Avec le Forum Chrétien Francophone qui s’est tenu à Lyon du 28 au 31 octobre 2018, il semblerait que des ponts se créent entre les différentes confessions dont la plupart dialoguaient peu entre elles. Quel rôle a à jouer le CNEF et les évangéliques en tant qu’Eglises locales et individus?
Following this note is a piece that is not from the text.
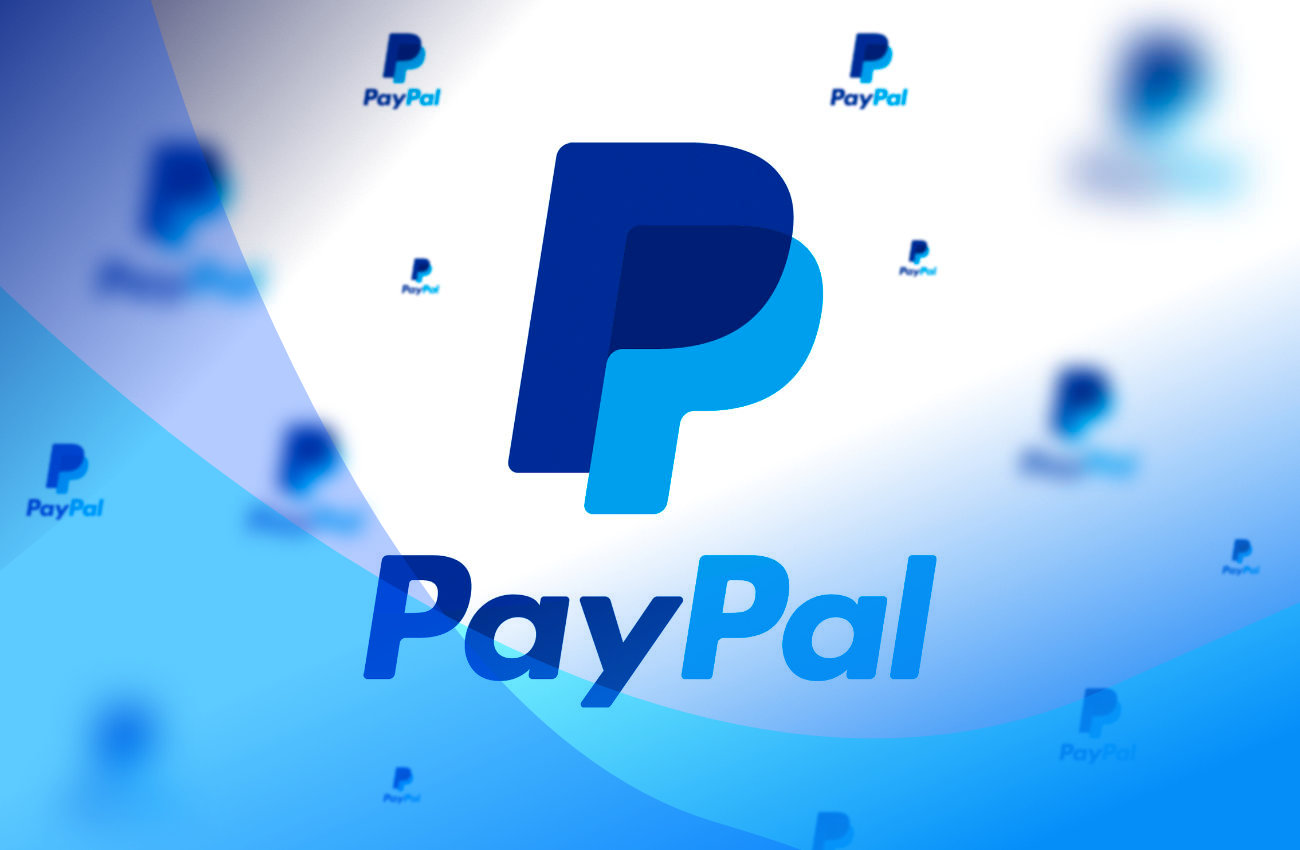 Nowe rozwiązania PayPal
Il y a une modification des relations inter-confessionnelles dans l’histoire récente. Elles ont été largement trustées par les luthéro-réformés et les catholiques, autour de grandes discussions théologiques dans un passé assez récent. Pendant ce temps, on a vu une évolution assez nette du côté évangélique. Ceux-ci ont découvert que les catholiques étaient sur la même longueur d’onde sur un certain nombre de positions éthiques, ce qui les a fait localement, souvent, tendre la main au moins pour des collaborations ponctuelles ou des relations personnelles avec des catholiques. Là où c’est un peu plus compliqué, c’est que cette évolution locale tarde à trouver son expression régionale ou nationale chez les évangéliques. Je pense que les responsables évangéliques ont peur de visibiliser cette situation. Ils sont toujours prisonniers de certaines vieilles craintes à cet égard. Très visiblement le Groupe national de conversations catholiques-évangéliques, qui vient de fêter ses vingt ans, a permis d’avancer. Le Forum Chrétien Francophone a permis d’avancer dans la mesure où il aborde les choses bien davantage sur le plan des relations inter-personnelles que sur le plan des relations institutionnelles. C’est autour du cheminement de foi de chacun qu’on se retrouve. J’y étais, c’était très intéressant et assez passionnant. Je me dis, que nous ne pouvons pas en tant qu’évangéliques rester indifférents au fait que dans une société qui s’éloigne de plus en plus des vertus chrétiennes, ignorer que nous avons à côté de nous des hommes et des femmes qui en raison de leur foi, continuent à défendre la famille, la dignité humaine, etc. Ce serait à mon sens fou de ne pas le prendre en compte. Cela reste difficile pour une partie du monde évangélique de faire comprendre que nous ne sommes pas dans le tout et le rien. J’ai beaucoup d’amis évangéliques qui pensent qu’on se compromet tout de suite, alors que je pense qu’on peut développer des relations jusqu’à un certain point. Il reste des impossibilités institutionnelles, parce que derrière il y a des problèmes théologiques. Mais si on parle de la Trinité, si on parle de Jésus vrai homme et vrai Dieu, et des conséquences éthiques de la foi chrétienne, il y a de larges pans d’accords. J’irai même plus loin, il y a des occasions de faire cause commune contre des évolutions sociétales qui sont dramatiques.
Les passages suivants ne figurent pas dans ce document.